American Christians must face the question of obedience, Ripken says.

“If we are in Christ, we do not get to decide whether we are a partner with Christ, only whether we are a good partner or a bad partner,” he says. “This movie is about getting off your backside and going to work in the name of Jesus and being a wise partner with Christ as we broadly sow the gospel in all the world.”

“The Insanity of God” offers a much-needed glimpse into a reality of following Jesus.

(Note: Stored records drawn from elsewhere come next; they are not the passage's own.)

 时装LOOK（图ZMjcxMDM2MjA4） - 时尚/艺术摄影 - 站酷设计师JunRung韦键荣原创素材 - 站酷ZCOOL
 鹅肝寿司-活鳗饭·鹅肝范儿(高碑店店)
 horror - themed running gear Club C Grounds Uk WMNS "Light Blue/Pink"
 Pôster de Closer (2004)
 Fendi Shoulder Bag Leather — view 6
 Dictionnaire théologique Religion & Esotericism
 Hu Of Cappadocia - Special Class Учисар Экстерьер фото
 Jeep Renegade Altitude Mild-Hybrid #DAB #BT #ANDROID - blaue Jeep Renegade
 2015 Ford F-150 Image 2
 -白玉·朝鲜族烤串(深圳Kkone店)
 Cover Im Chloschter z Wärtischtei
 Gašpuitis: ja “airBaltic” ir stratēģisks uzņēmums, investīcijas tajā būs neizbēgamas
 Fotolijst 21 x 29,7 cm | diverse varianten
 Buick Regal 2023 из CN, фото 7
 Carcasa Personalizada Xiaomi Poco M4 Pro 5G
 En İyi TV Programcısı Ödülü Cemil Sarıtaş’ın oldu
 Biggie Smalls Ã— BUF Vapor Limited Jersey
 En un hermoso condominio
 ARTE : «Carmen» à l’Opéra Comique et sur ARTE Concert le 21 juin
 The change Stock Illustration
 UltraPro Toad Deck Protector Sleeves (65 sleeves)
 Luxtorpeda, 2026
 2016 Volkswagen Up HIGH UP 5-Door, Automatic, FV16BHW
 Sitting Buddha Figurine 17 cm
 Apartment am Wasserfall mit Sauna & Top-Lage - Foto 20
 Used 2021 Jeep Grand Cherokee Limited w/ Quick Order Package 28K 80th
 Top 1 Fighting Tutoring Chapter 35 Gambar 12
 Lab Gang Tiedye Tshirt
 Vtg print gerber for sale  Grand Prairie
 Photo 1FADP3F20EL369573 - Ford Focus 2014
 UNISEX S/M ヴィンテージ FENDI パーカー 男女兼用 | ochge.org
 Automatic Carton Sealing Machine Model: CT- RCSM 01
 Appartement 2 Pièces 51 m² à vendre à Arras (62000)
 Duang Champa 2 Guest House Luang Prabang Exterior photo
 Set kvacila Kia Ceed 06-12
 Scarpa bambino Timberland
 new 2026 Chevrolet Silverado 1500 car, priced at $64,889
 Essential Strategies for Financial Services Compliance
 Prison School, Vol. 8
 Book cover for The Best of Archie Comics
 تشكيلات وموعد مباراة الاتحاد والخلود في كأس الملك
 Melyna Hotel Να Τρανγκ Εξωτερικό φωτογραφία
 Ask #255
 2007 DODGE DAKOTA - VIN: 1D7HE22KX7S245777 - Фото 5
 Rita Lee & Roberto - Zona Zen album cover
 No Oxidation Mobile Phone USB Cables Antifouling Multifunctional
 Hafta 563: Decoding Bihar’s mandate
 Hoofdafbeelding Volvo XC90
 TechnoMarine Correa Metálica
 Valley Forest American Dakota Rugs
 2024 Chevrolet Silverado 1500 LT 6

“There is no stronger argument for the claims of Christ than when his followers abandon everything and willingly lay down their lives,” says J.D. Greear, pastor of The Summit Church in Raleigh-Durham, N.C. “It’s how the early church grew, and it’s how the church is growing around the world today. ‘The Insanity of God’ allows us a small glimpse into a few of these astounding stories, reminding us that there is no limit to what God can do with a life fully surrendered to him.”

Kevin Ezell, president of the North American Mission Board adds: “What Nik and Ruth Ripken share will change your view of God’s current-day activity in the world and your perception about how millions of our fellow believers live. The stories of persecution are not marked by defeat or hopelessness. They are stories of triumph and God’s amazing faithfulness to His people.”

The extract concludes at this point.